Haftung des Arbeitgebers - Herausgabe der Lohnsteuerkarte

Gericht

BAG


Art der Entscheidung

Revisionsurteil


Datum

20. 02. 1997


Aktenzeichen

8 AZR 121/95


Leitsatz des Gerichts

Macht ein Arbeitnehmer gegen den Arbeitgeber neben der Herausgabe der ausgefüllten Lohnsteuerkarte zugleich für den Fall nicht fristgerechter Ausfüllung und Herausgabe uneingeschränkt eine Entschädigung nach § 61 II ArbGG geltend, sind mit der Entschädigung in der Regel sämtliche Schadensersatzansprüche wegen der Nichtherausgabe (auch wegen entgangener Lohnsteuererstattung) abgegolten.

Tatbestand


Auszüge aus dem Sachverhalt:

Der Kl. verlangt von dem Bekl. Schadensersatz für entgangene Einkommensteuererstattung, weil dieser ihm nicht die ausgefüllten Lohnsteuerkarten von 1990 und 1991 herausgegeben habe. Der Kl. war vom 1. 3. 1990 bis 16. 8. 1991 bei dem Bekl. als Kraftfahrer beschäftigt. Das Arbeitsverhältnis endete durch eine vom Kl. ausgesprochene fristlose Kündigung.
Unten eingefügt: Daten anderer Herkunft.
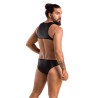BODY ADAM PRETO PASSION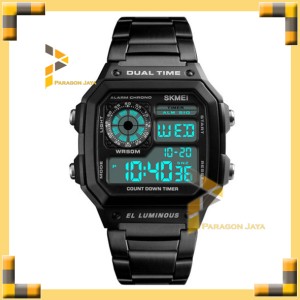 Jam Tangan Digital Original Tokopedia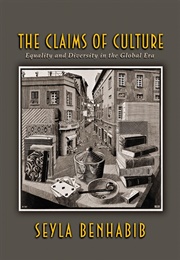 The Claims of Culture (Seyla Benhabib)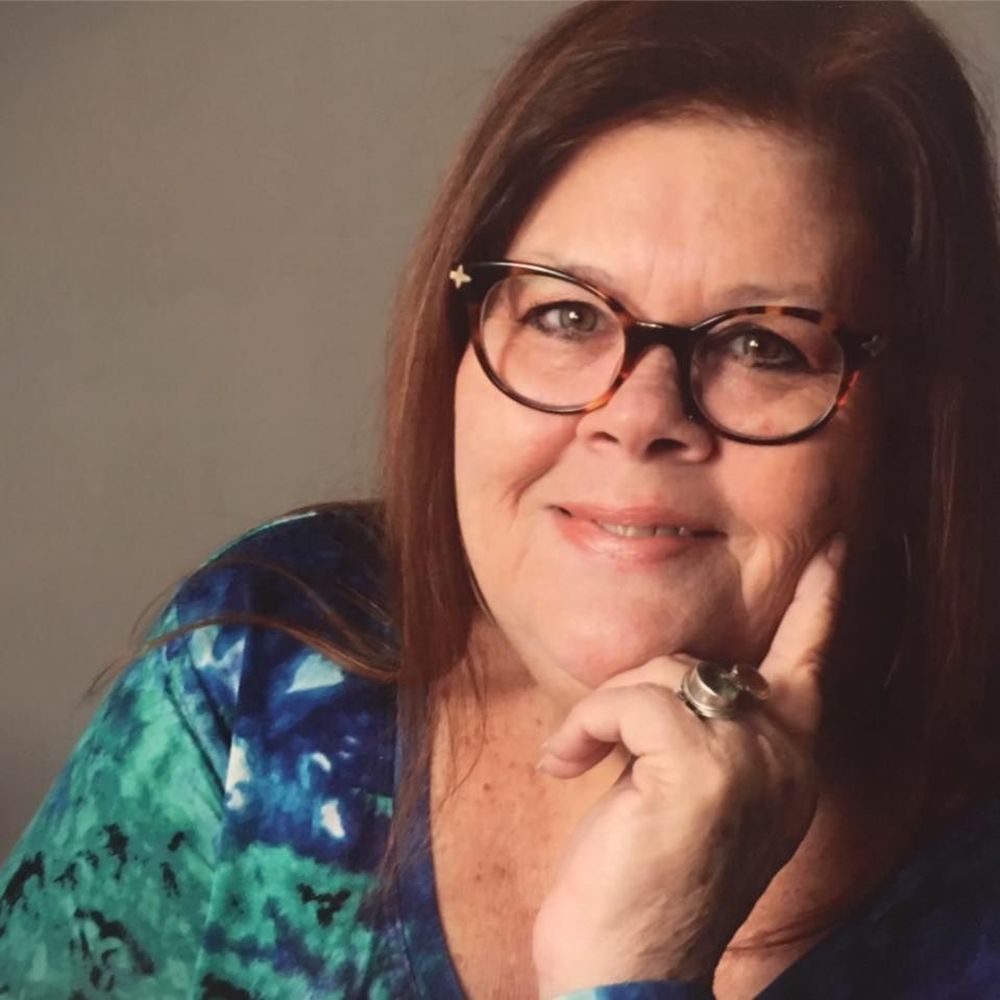 Meet your Posher, Claire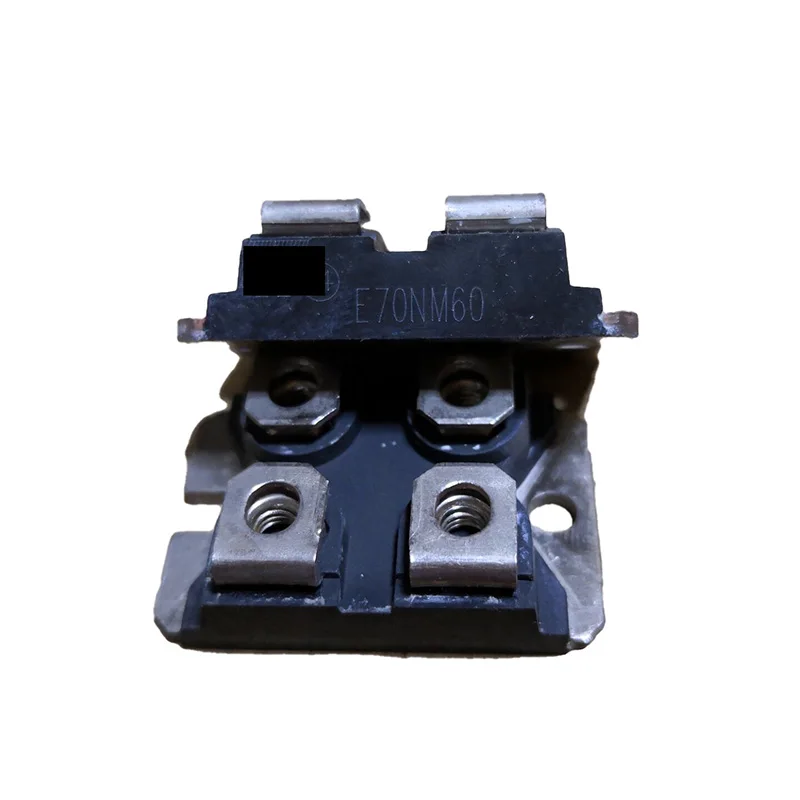 

E70NM60 STE70NM60 Original, Can Provide Test, 1 Year Warranty
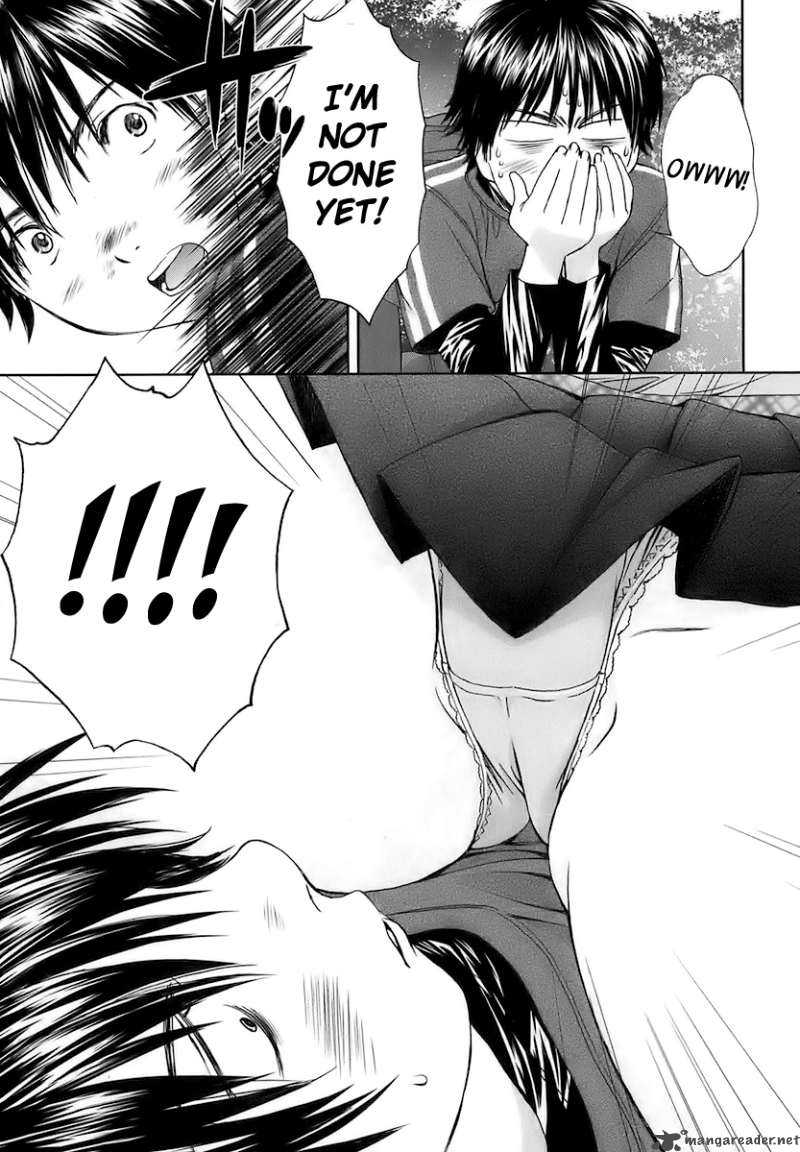 Baka And Boing 21 3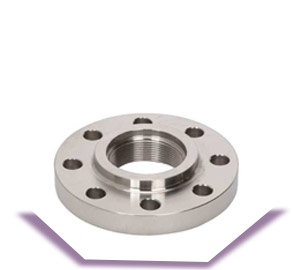 SA 182 Gr F316L Threaded Flanges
In einem Rechtsstreit wegen rückständiger Lohnforderungen verlangte der Kl. u.a. von dem Bekl. die Ausfüllung und Herausgabe der Arbeitspapiere, insbesondere der Lohnsteuerkarte 1990 sowie 1991 und für den Fall der Nichtausfüllung der Lohnsteuerkarte eine Entschädigung von 1000 DM. Am 17. 1. 1992 erließ das ArbG auf Antrag des Kl. folgendes Versäumnisurteil: ...

2. Der Bekl. wird weiter verurteilt, die Arbeitspapiere des Kl., bestehend aus Arbeiterrenten-Versicherungskarte, Lohnsteuerkarte und Sozialversicherungsnachweisheft, auszufüllen.

3. Der Bekl. wird verurteilt, die ausgefüllten Arbeitspapiere an den Kl. unverzüglich herauszugeben.

4. Für den Fall, daß der Bekl. der Verpflichtung zu 2 auf Ausfüllung nicht innerhalb einer Frist von einer Woche ab Zustellung des Urteils nachkommen sollte, wird der Bekl. verurteilt, an den Kl. als Entschädigung für die Nichtausfüllung der Arbeiterrenten-Versicherungskarte einen Betrag von 1000 DM und für die Nichtausfüllung der Lohnsteuerkarte einen Betrag von 1000 DM zu zahlen.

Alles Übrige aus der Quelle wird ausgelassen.